O chanceler russo, Serguei Lavrov, qualificou ontem de "totalmente falsas" as informações de que o cargueiro Arctic Sea - sequestrado por piratas em julho, na costa da Suécia, e encontrado duas semanas depois no litoral de Cabo Verde - estaria transportando mísseis antiaéreos russos S-300 para o governo do Irã.

REUTERS E AFP, O Estadao de S.Paulo

09 de setembro de 2009 | 00h00

A declaração de Lavrov foi acompanhada pelo parecer de uma comissão de investigadores que, ontem, inspecionou o cargueiro russo. Os especialistas disseram ter encontrado apenas "madeira" nos porões da embarcação.
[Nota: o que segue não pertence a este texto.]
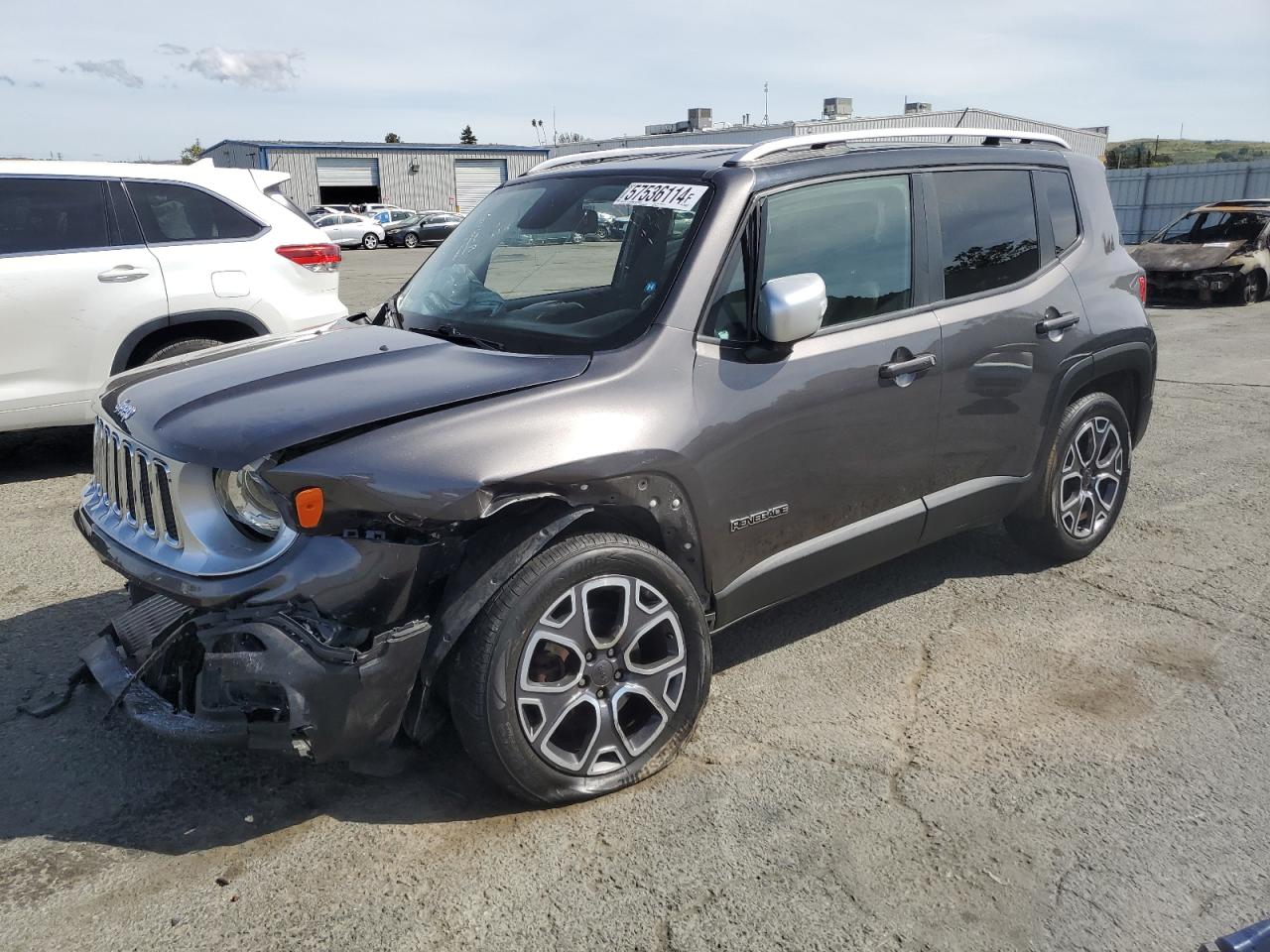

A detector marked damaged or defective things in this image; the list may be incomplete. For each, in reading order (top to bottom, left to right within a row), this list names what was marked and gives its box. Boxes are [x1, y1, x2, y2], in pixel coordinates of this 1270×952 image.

O sequestro do Arctic Sea foi marcado pelo mistério desde o início. O navio, que levava 15 tripulantes e uma carga declarada 6.500 toneladas, avaliada em US$ 1,3 milhão, foi capturado em 30 de julho, quando ia da Suécia para a Argélia. O caso foi considerado o primeiro episódio de pirataria em águas europeias desde o século 17.

Os sequestradores pediram um resgate de US$ 1,5 milhão. "A pessoa que nos ligou ameaçou matar a tripulação e afundar o navio", afirmou Vladimir Dushin, vice-presidente da seguradora finlandesa Renaissance, que informou Moscou sobre o sequestro.

Diversos países europeus tinham conhecimento do paradeiro do navio, mas teriam mantido silêncio para facilitar as negociações. O governo de Portugal chegou a declarar publicamente que os piratas teriam levado o navio russo para a costa de Cabo Verde, no oeste da África.

Em seguida, a Rússia desmentiu a informação vinda de Lisboa. Logo após, contudo, Moscou acabou enviando seus navios militares para o local indicado e liberou a embarcação, capturando oito piratas identificados como cidadãos da Rússia, Estônia e Letônia.

Diversos especialistas em questões navais e de segurança levantaram a hipótese de que o navio russo estivesse levando a bordo um carregamento secreto de armas ou de componentes nucleares. O analista britânico Nick Davis disse que a história completa pode nunca vir à tona em parte porque Moscou está minimizando o caso.

"Esse é um incidente sem precedentes, cujos detalhes um dia serão transformados em um filme", disse o porta-voz da Comissão Europeia, Martin Selmayr.